The School’s argument seems to be that any idiot would be able to see that graduates were working at whatever jobs they could get, and that obviously those were not jobs in the law. Now that is an interesting admission: the School admitted that consistently lower than 60 percent of its graduates passed the Bar, while as many as 92% found “jobs.” Pardon me, but there is something pathetic about that defense. It makes one wonder if they were counting fast good cooks and janitors.
I see not much has changed in San Diego, or for that matter, the State of California. I attended the University of San Diego School of Law, graduating in 1977, and passed the Bar that same year. The economy was sinking in a serious recession. It was the decade of high double digit inflation and gas shortages.
San Diego was an attractive place to live as a new lawyer, but even then it was saturated with others like me also loving the weather and climate. The dirty little secret then was that lawyers were experiencing serious unemployment or underemployment. The City then had USD School of Law and Cal Western School of Law, the latter unaccredited, and year after year they pumped out more lawyers than positions were available. After 4 years, I left San Diego to take a staff attorney position with the State Fund in Los Angeles. Many years have passed, and after several positions at different firms, I have been in practice for myself the last 15 years in Orange County, California. Orange County just added the U.C.I. School of Law, which will be a fine school producing quality graduates, but the fact is, quality graduates from Ivy League Schools have been laid off in large numbers from mega-firms, and are unable to find work in the current double dip recession.

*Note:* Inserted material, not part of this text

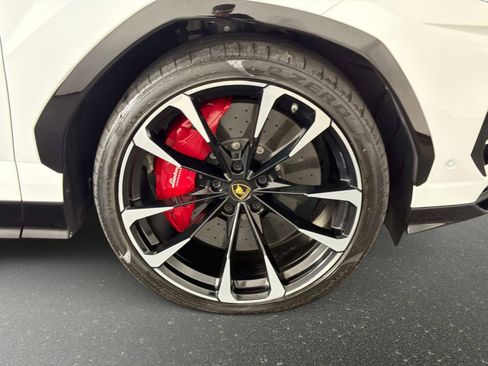 Used 2019 Lamborghini Urus AWD/4WD image 19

So how do professional schools deal with a depressed economy and dropping student applications? Perhaps they do us all a disservice if they entice students to enroll at great personal debt, and then release those graduates to glut an already overpopulated work force. There is already a national lawyer surplus. (http://economix.blogs.nytimes.com/2011/06/27/the-lawyer-surplus-state-by-state/).

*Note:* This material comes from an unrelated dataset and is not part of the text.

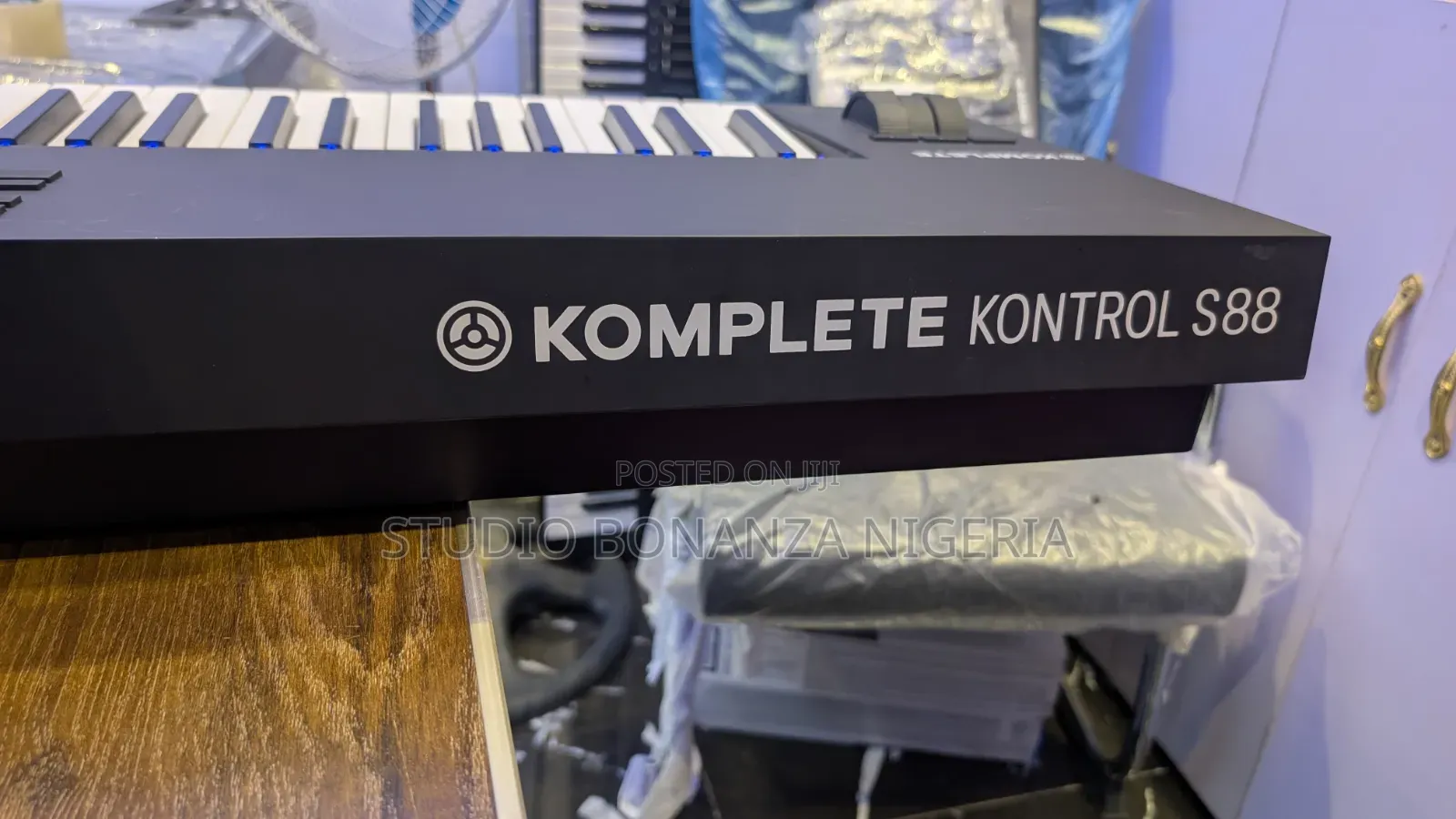 Komplete Kontrol S88 Mkii Studio Midi Keyboard Controller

California will produce more than 6000 attorneys this year. Many of those will be from non-accredited schools that play upon the dreams of students to gain prestige and revenue with a professional license. I assure you there will not be 6000 new legal positions waiting for those new graduates. Probably, only about ½ of them will pass the Bar. Even so, I doubt that there are 3000 positions available. If may very well be that the trend is just the opposite. I suspect that there may be 10 unemployed new and seasoned attorneys seeking each new vacancy. I also know the law schools will not be using this kind of information in their promotional literature. To the contrary, schools like Thomas Jefferson will be touting their graduates’ employment rates.
I do not know the merits of 2008 graduate Anna Alaburda against Thomas Jefferson School of Law, but I have been in San Diego as a new graduate from a fine law school during difficult economic times 35 years ago. I was of a generation that had lower expectations because we did not grow up in the boom times of the 80s and 90s. Still, I was shocked that my dream of power, prestige, and wealth was slammed against a highly competitive field of like minded dreamers.
There are only so many gold rings to go around. Anna Alaburda has found that out, and is angry. Apparently, she learned enough Civil Procedure to become dangerous. If something good comes of this suit, it will be that potential applicants will reassess the value of a law school degree, and Law Schools will reassess how they promote themselves to potential customers.